» **ENTRIES PROVIDED**

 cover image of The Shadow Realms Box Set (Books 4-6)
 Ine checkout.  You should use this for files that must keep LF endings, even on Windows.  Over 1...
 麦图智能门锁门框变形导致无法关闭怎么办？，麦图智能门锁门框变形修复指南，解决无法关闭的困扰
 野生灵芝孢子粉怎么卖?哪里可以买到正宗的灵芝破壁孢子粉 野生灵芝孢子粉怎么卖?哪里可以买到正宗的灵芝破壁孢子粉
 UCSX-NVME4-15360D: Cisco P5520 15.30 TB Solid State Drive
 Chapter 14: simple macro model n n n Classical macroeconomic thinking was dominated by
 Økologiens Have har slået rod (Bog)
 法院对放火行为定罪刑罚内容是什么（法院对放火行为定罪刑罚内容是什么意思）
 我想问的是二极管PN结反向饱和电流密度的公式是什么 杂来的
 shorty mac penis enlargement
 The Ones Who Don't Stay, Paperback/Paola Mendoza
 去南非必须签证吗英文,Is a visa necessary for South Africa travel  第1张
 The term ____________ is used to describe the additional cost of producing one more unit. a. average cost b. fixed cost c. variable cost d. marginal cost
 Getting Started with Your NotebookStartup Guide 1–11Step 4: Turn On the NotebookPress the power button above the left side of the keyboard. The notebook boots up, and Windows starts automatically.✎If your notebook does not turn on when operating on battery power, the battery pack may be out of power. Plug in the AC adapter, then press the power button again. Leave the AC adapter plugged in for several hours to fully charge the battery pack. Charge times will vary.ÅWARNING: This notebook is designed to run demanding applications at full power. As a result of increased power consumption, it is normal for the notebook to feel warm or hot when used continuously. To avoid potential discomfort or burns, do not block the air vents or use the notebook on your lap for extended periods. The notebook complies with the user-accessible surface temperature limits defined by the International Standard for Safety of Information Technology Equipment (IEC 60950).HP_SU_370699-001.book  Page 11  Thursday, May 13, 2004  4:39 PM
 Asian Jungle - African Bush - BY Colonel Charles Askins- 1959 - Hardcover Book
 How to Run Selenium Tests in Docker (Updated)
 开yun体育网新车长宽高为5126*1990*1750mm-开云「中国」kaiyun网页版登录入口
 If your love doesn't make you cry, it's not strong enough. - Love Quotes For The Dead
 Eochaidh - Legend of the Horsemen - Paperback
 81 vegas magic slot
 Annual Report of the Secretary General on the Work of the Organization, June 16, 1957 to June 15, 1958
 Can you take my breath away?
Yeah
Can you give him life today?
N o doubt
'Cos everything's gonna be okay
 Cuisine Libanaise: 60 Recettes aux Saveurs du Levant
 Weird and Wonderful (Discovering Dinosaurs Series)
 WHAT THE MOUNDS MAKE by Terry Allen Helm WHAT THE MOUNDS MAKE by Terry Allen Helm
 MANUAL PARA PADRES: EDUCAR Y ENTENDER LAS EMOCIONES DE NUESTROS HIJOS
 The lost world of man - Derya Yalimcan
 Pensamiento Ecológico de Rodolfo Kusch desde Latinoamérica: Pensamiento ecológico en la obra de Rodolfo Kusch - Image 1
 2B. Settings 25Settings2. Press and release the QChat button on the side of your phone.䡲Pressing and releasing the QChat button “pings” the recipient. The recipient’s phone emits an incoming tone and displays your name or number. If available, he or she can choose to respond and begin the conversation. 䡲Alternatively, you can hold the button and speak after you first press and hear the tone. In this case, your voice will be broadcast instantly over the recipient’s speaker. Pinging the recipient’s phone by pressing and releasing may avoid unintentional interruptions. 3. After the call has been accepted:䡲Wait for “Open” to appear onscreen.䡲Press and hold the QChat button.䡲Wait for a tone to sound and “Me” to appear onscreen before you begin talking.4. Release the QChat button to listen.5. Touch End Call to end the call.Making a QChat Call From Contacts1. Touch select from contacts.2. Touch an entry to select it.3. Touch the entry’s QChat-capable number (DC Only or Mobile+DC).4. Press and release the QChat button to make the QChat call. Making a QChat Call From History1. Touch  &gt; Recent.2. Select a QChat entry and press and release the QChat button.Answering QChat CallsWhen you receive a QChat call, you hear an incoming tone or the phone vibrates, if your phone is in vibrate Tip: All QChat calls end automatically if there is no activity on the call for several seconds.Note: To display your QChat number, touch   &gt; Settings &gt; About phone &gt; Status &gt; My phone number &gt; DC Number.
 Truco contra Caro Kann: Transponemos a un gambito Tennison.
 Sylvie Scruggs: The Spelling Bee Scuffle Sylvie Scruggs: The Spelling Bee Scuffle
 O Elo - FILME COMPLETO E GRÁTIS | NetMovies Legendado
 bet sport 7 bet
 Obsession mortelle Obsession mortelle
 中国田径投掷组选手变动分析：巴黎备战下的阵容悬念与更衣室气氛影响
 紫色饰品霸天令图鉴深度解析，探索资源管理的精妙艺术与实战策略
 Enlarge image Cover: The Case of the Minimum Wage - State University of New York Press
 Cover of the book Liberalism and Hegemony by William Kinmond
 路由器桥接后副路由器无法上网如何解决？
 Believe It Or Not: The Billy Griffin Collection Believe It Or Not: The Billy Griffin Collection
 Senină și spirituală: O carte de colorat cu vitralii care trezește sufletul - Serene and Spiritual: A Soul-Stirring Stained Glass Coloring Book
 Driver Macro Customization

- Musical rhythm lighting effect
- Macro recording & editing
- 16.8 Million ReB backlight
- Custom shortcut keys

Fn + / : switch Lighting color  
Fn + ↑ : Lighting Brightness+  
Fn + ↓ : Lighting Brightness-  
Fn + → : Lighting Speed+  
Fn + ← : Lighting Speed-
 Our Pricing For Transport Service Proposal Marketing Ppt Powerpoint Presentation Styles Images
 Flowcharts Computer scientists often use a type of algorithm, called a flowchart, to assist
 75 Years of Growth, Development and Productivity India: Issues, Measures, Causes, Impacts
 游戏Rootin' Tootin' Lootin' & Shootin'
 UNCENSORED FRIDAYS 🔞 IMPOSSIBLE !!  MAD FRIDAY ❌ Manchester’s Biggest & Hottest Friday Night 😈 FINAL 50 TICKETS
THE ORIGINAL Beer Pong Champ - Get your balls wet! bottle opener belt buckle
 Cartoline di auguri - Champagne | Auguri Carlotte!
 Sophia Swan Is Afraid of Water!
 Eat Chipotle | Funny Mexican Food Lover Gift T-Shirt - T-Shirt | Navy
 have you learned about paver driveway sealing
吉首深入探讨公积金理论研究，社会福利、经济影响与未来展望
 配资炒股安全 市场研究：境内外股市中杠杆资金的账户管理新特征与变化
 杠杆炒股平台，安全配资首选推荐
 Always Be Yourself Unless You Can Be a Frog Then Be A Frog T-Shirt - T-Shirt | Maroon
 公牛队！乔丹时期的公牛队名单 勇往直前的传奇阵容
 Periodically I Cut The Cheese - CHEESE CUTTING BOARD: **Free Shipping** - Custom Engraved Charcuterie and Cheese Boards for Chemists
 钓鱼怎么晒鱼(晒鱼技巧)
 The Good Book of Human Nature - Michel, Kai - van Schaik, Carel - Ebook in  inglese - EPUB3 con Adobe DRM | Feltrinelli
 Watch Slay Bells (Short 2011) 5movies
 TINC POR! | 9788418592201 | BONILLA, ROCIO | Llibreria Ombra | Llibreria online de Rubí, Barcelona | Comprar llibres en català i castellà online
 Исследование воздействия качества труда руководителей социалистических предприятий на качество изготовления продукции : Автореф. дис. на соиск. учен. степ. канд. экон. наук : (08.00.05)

» **WORK ORDER**
Above are the records; from them, give again exactly the lines from the one containing "- Custom shortcut keys" to the one containing "公牛队！乔丹时期的公牛队名单 勇往直前的传奇阵容", both lines included, and nothing more.

» **WRITTEN ANSWER**
- Custom shortcut keys

Fn + / : switch Lighting color  
Fn + ↑ : Lighting Brightness+  
Fn + ↓ : Lighting Brightness-  
Fn + → : Lighting Speed+  
Fn + ← : Lighting Speed-
 Our Pricing For Transport Service Proposal Marketing Ppt Powerpoint Presentation Styles Images
 Flowcharts Computer scientists often use a type of algorithm, called a flowchart, to assist
 75 Years of Growth, Development and Productivity India: Issues, Measures, Causes, Impacts
 游戏Rootin' Tootin' Lootin' & Shootin'
 UNCENSORED FRIDAYS 🔞 IMPOSSIBLE !!  MAD FRIDAY ❌ Manchester’s Biggest & Hottest Friday Night 😈 FINAL 50 TICKETS
THE ORIGINAL Beer Pong Champ - Get your balls wet! bottle opener belt buckle
 Cartoline di auguri - Champagne | Auguri Carlotte!
 Sophia Swan Is Afraid of Water!
 Eat Chipotle | Funny Mexican Food Lover Gift T-Shirt - T-Shirt | Navy
 have you learned about paver driveway sealing
吉首深入探讨公积金理论研究，社会福利、经济影响与未来展望
 配资炒股安全 市场研究：境内外股市中杠杆资金的账户管理新特征与变化
 杠杆炒股平台，安全配资首选推荐
 Always Be Yourself Unless You Can Be a Frog Then Be A Frog T-Shirt - T-Shirt | Maroon
 公牛队！乔丹时期的公牛队名单 勇往直前的传奇阵容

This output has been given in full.